*** Opening THE DATA ***
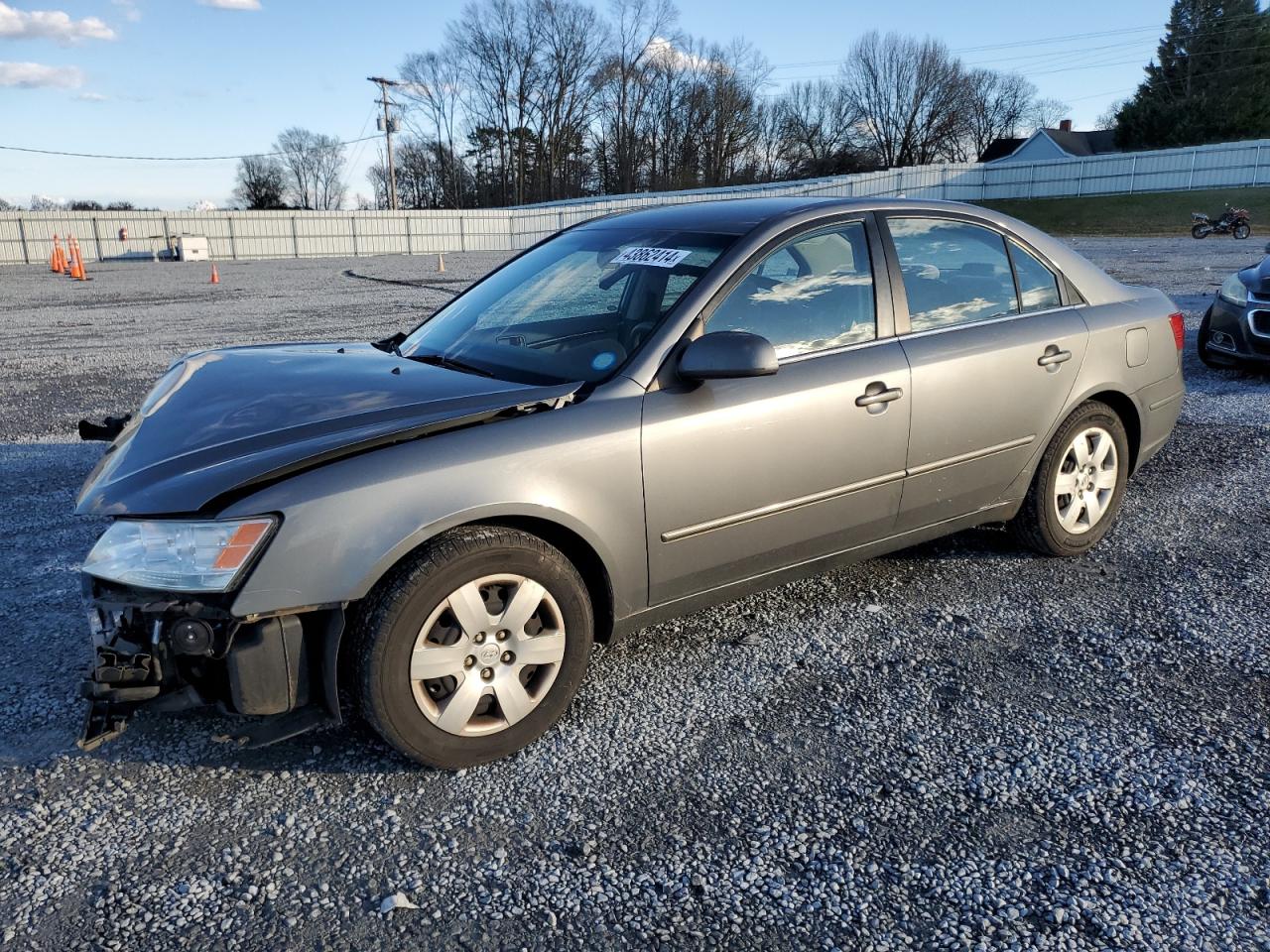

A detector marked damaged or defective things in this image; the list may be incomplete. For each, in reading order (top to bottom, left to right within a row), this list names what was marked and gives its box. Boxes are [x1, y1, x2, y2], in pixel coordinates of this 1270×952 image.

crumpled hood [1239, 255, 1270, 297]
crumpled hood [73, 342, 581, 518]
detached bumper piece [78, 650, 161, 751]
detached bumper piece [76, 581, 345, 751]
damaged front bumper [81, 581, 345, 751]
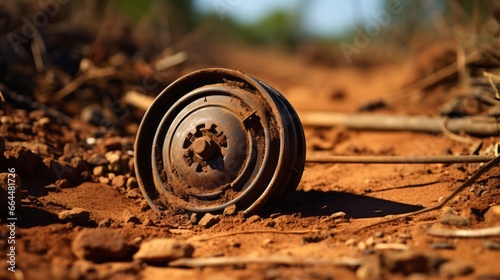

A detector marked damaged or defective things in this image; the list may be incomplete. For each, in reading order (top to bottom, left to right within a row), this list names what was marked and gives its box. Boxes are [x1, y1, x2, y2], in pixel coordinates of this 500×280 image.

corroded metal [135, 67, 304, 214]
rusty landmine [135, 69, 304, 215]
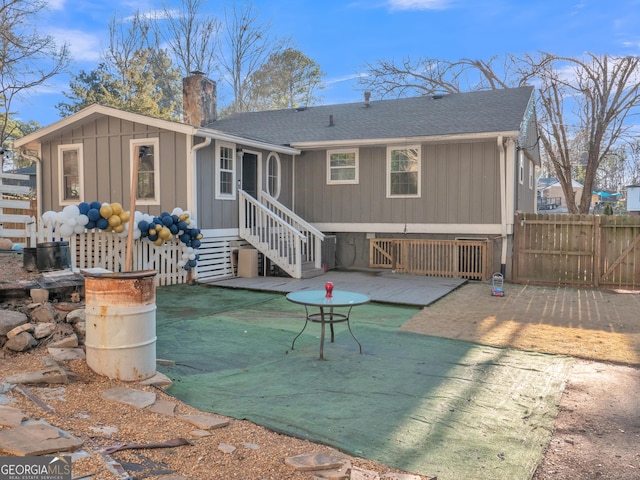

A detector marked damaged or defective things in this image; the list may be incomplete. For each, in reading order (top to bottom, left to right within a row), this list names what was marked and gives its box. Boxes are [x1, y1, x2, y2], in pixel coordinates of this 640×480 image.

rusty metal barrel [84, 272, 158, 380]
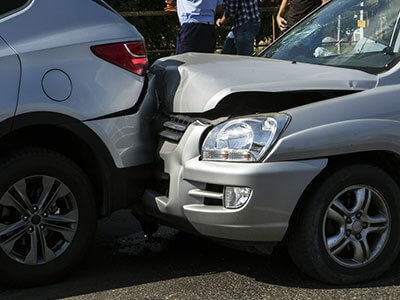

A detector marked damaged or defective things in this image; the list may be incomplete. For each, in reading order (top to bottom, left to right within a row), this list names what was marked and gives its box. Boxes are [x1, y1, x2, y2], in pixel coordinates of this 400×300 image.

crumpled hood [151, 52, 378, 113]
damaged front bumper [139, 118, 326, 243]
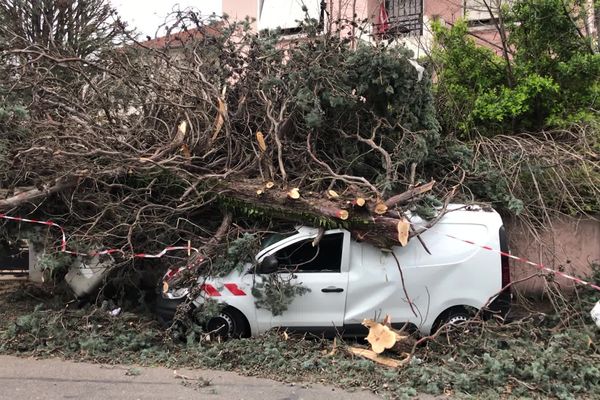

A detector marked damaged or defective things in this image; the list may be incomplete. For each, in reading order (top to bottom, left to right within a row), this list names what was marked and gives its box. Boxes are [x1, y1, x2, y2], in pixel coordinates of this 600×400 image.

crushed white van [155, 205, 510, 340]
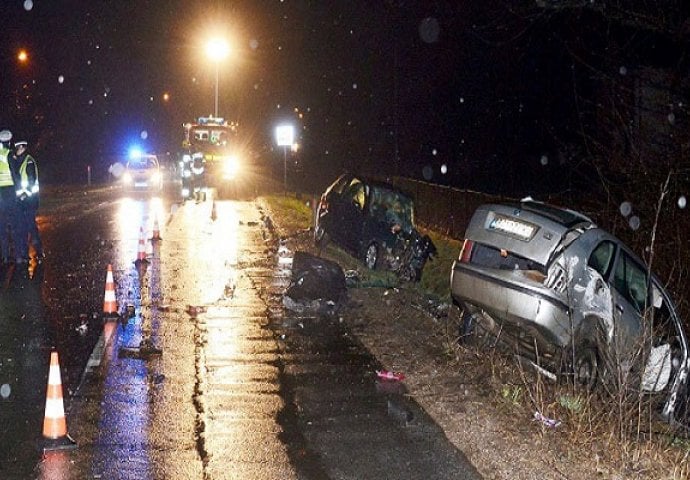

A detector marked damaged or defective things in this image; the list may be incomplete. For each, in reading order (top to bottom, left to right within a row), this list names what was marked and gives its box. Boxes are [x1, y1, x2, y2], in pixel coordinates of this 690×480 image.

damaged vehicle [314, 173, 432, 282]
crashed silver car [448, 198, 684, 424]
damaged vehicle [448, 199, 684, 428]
*** Closing THE DATA ***
▸ EXERCISE GOAL
Each line from the one containing "this 690×480 image." through the end of the listing above should be copied exactly, with no other line included.

▸ ANSWER TO THE PROBLEM
A detector marked damaged or defective things in this image; the list may be incomplete. For each, in reading order (top to bottom, left to right within a row), this list names what was marked and gives its box. Boxes are [x1, y1, x2, y2], in pixel coordinates of this 690×480 image.

damaged vehicle [314, 173, 432, 282]
crashed silver car [448, 198, 684, 424]
damaged vehicle [448, 199, 684, 428]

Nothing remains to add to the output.